CA 19-9 is an antigen associated with gastrointestinal cancer types that increases in patients with gastrointestinal carcinomas, particularly where the pancreas is affected (41). CA 19-9 is stated to be a useful biomarker for diagnosing gastrointestinal tract tumours, especially pancreatic and colorectal cancer, adenocarcinomas of ovarian pulpa and serous and mucous adenocarcinomas of the ovarium (7). Li et al. (21) and Wang et al. (38) discovered that serum CA 19-9 concentrations were higher in benign than in malignant lung tumours, but the increase was not adequately reliable for differential diagnosis. Tsoukalas et al. (36) reported that patients with abnormal serum CA 19-9 concentrations before an operation had lower survival rates than patients with normal concentrations. However, they also pointed out that using this evaluation is not an independent prognostic factor in multiple-variant survival analysis. In a study performed by Ma et al. (23) on patients with non-small-cell lung cancer, positivity rates for CA 125 and CA 19-9 were detected at 5% and 4.9%, respectively. Isaksson et al. (15) indicated that before an operation, the recurrence rate was high in patients with increased CA 19-9 and/or CA 125 concentrations.

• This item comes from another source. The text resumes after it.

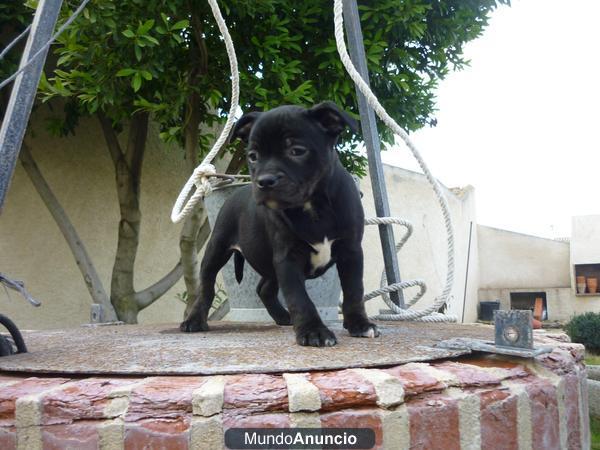 Staffordshire bull terrier, machos y hembras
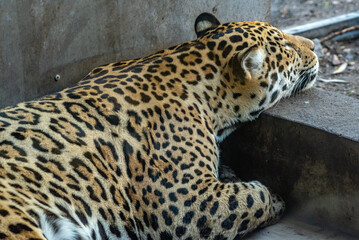 Into the wild - Jaguars !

CA 15-3 is another tumour biomarker with a large cellular surface mucin glycoprotein that is secreted from several glandular and ductal epithelial cells as well as certain haematopoietic cells (41). Serum AFP has been used as a useful marker for recurrent hepatocellular carcinomas even before the clinical symptoms develop. High concentrations of serum AFP were reported in malignant tumours of the gastrointestinal tract, pancreas, lung, and kidney (41). In our study, CA 125, CA 19-9, CA 15-3, and AFP-3 concentrations were higher in sheep with OPA than in the control group and this increase was statistically significant. When these results are examined, it is apparent that an increase in these markers such as occurs in various human cancer types is also observable in animals with OPA.

As there was a significant increase in serum CAs and AFP, it is concluded that using the studied tumour biomarker panel may make an important contribution to the diagnosis of OPA. However, in further studies, it will be necessary to use more animals and assay the positivity rate of each tumour marker specifically. As a desirable result of this and subsequent research, these tumour markers may be proposed for use in routine diagnosis and control of OPA in sheep. Additionally, it is also concluded that performing further studies related to combined usage of different panels such as circulatory tumour markers, ctDNA, and micro RNA (miR-486, miR-30d, mir-1, etc.) might be useful.